A Design Space Exploration Tool for LDPC Decoder Architectures in 5G NR Applications

Modern communication systems require sophisticated channel coding to enable high performance and low complexity trade-off implementations. A wide variety of decoding techniques have been proposed throughout the years to meet these requirements, while Moore's law slows down and the improvements in silicon process technology are not sufficient to reach the desired data rates. Low-density parity-check (LDPC) codes are one of the most promising techniques in terms of error-correcting capabilities and throughput performance, but the abundance of existing architectures makes difficult to choose optimal solutions.
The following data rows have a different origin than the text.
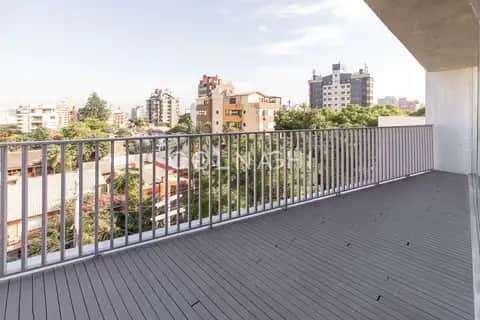 Apartamento Garden em Auxiliadora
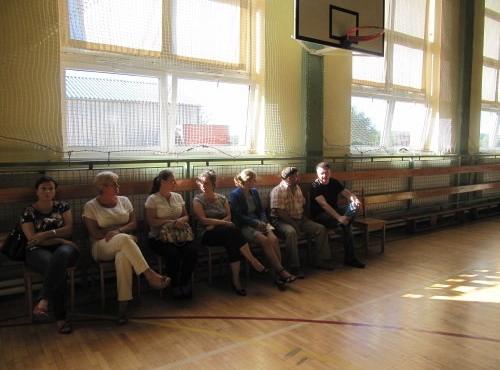 Spotkanie z rodzicami uczniów PCE – ZSP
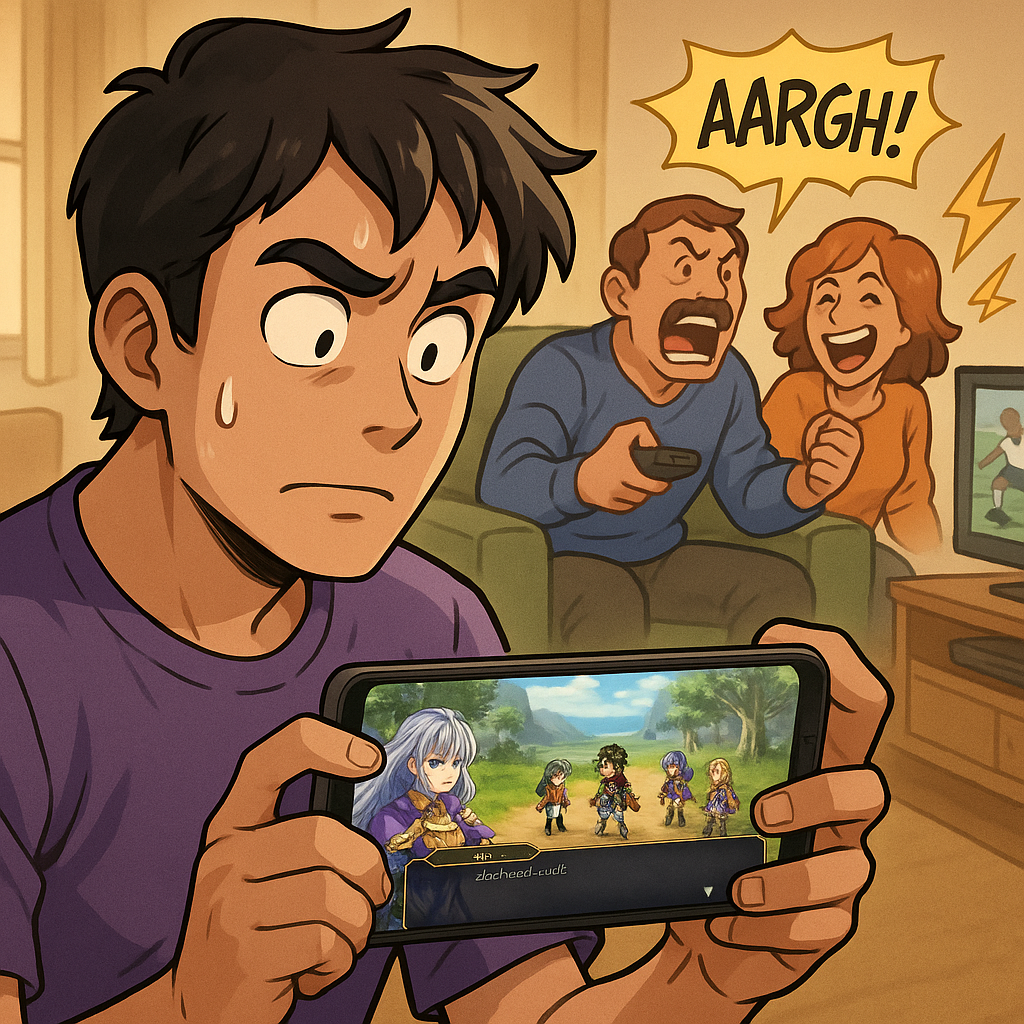 Another Eden: the RPG you can pause on a dime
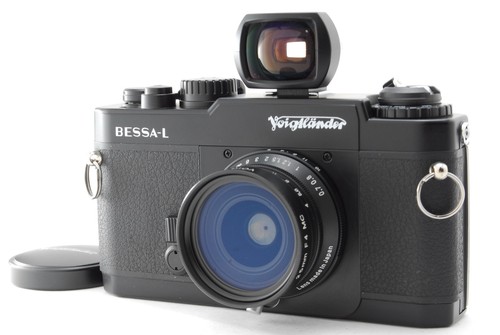 Voigtlander bessa con - l,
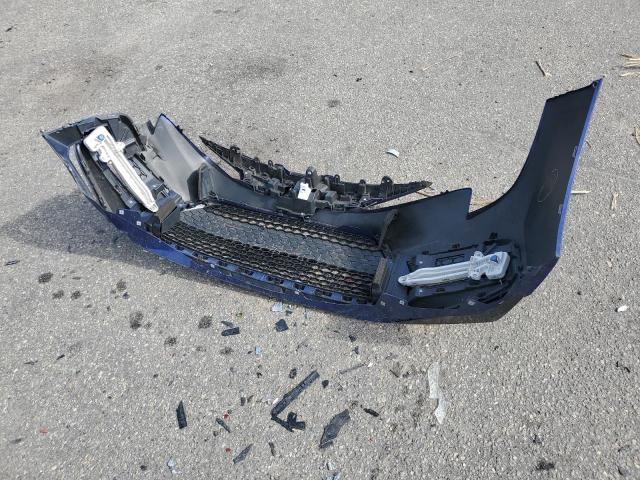 5YFS4MCEXMP068751 - 2021 TOYOTA COROLLA SE BLUE photo 12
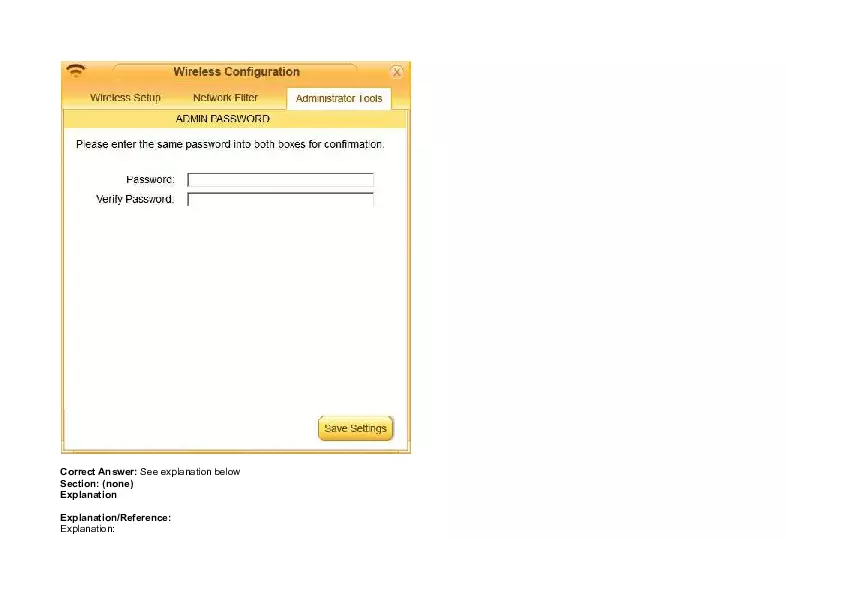 Secure Wireless Network Configuration Simulation Part 6 - Page 4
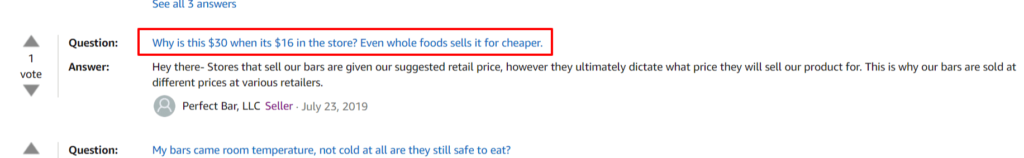 amazon-customer-questions-pricing-answer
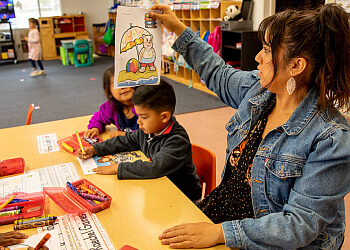 Salinas Preschools Little Friends Preschool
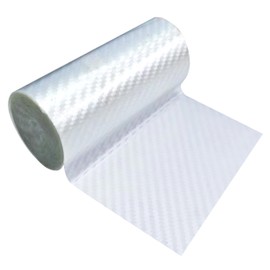 MJMP Car Door Entry Edge Guard Clear Universal Door Sill Guard Car Door Trim Edge Guard Protection Film Anti-Collision (1.2 inch 33 Ft, Transparent)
For this reason, this master thesis proposes a design space exploration tool, having the goal to offer a wide range of possible LDPC decoder architectures, comparing their performances and guiding an hypothetical decoder designer towards an effective implementation. The tool's scope includes partially-parallel architectures implementing Min-sum algorithm and decoding Quasi-cyclic LDPC codes compliant with the 5G New Radio standard, based on base-graph 1. Results are obtained on a 45 nm technology library. The design space variables concern design choices such as scheduling scheme, building blocks' architectures, and techniques such as loop unrolling and pipelining, along with a few system parameters. Estimations of the decoders' characteristics such as area, operating frequency and throughput are provided by the tool, exploiting an architectural model of the decoders, and either the direct synthesis results or an empirical model of the fundamental components of these architectures. The output obtained is a rapid and accurate overview of the decoder architectural solutions, highlighting their advantages and disadvantages.